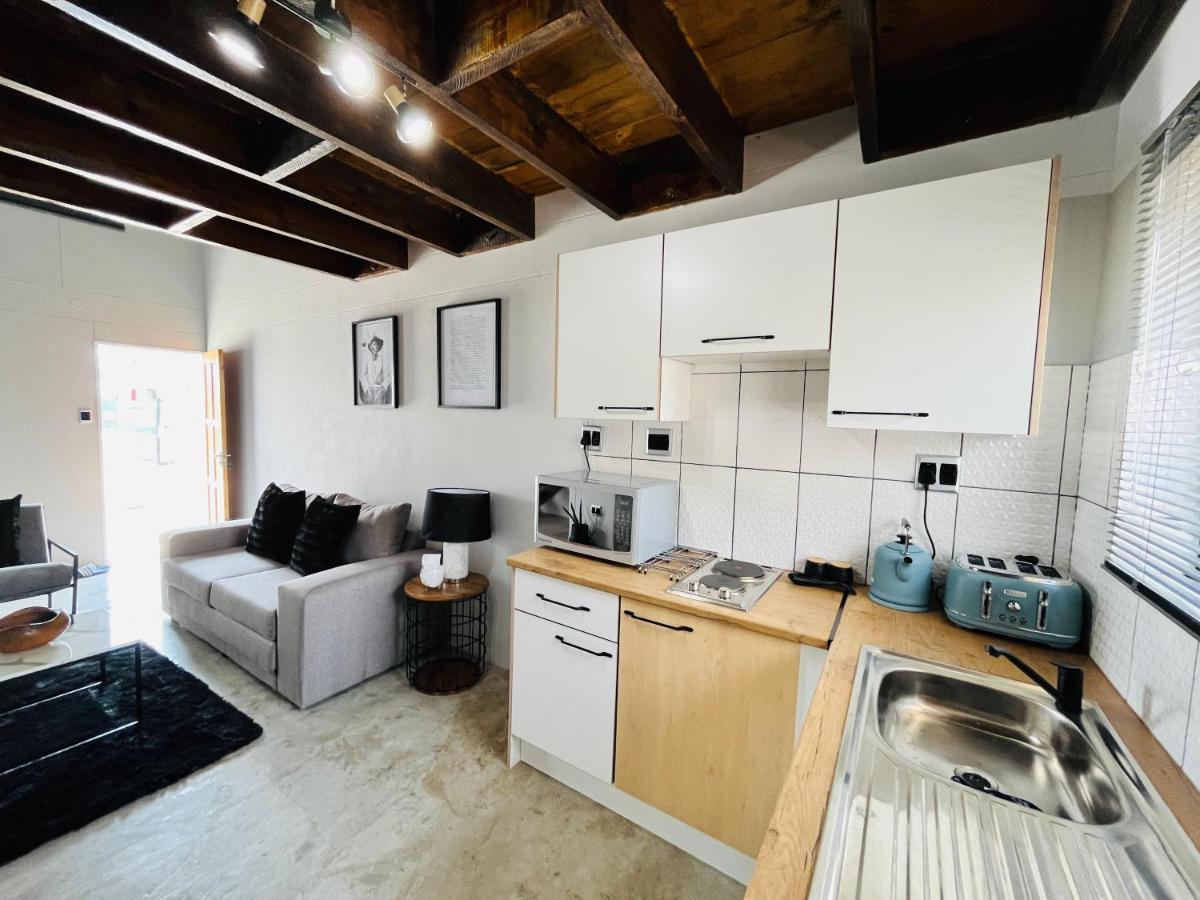 Kates Nest Guesthouse Oshakati Exterior photo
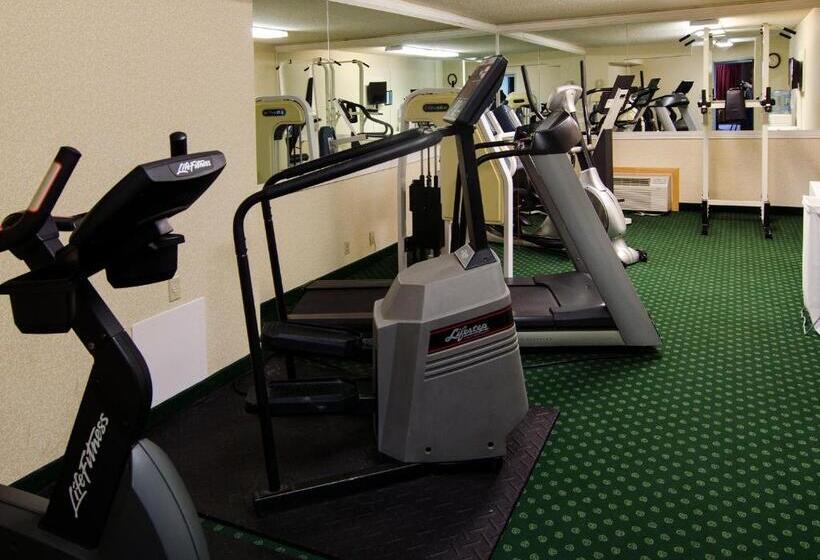 فندق Ramada By Wyndham Angola/fremont Area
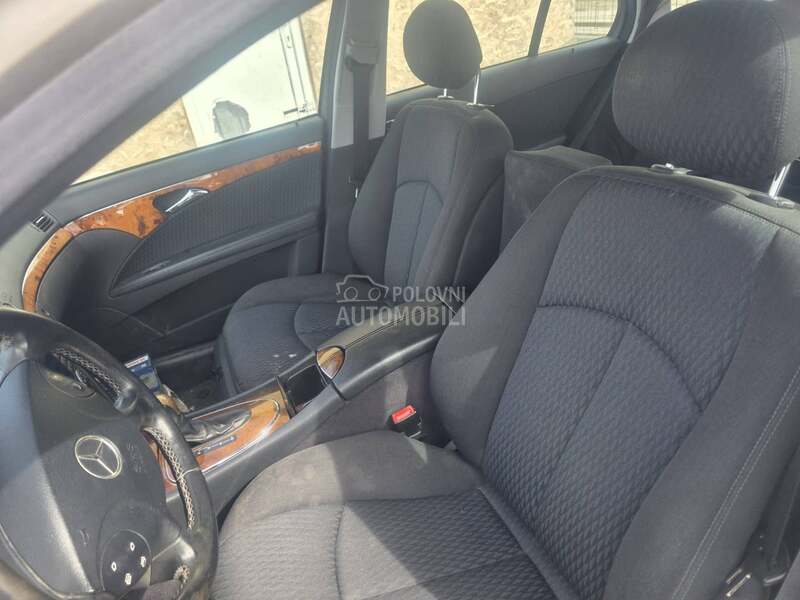 Enterijer W211 za Mercedes Benz E Klasa od 2002. do 2006. god.
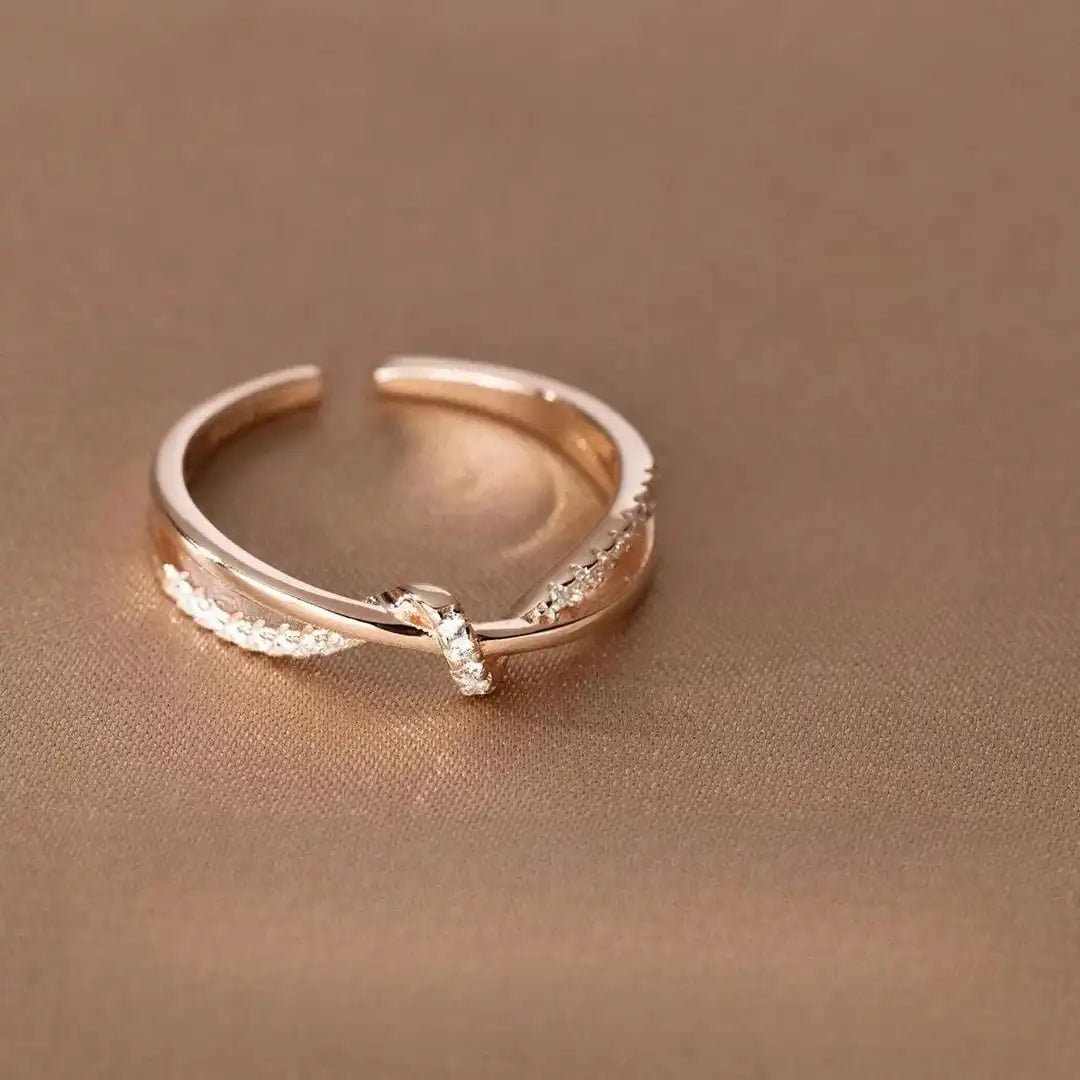 Timeless Cross Knot Band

^^^^^^^^

▸ REQUIRED WORK: Produce an exact copy of each line of data, skipping embedded images.

▸ RESULT OF THE TASK:
 Kates Nest Guesthouse Oshakati Exterior photo
 فندق Ramada By Wyndham Angola/fremont Area
 Enterijer W211 za Mercedes Benz E Klasa od 2002. do 2006. god.
 Timeless Cross Knot Band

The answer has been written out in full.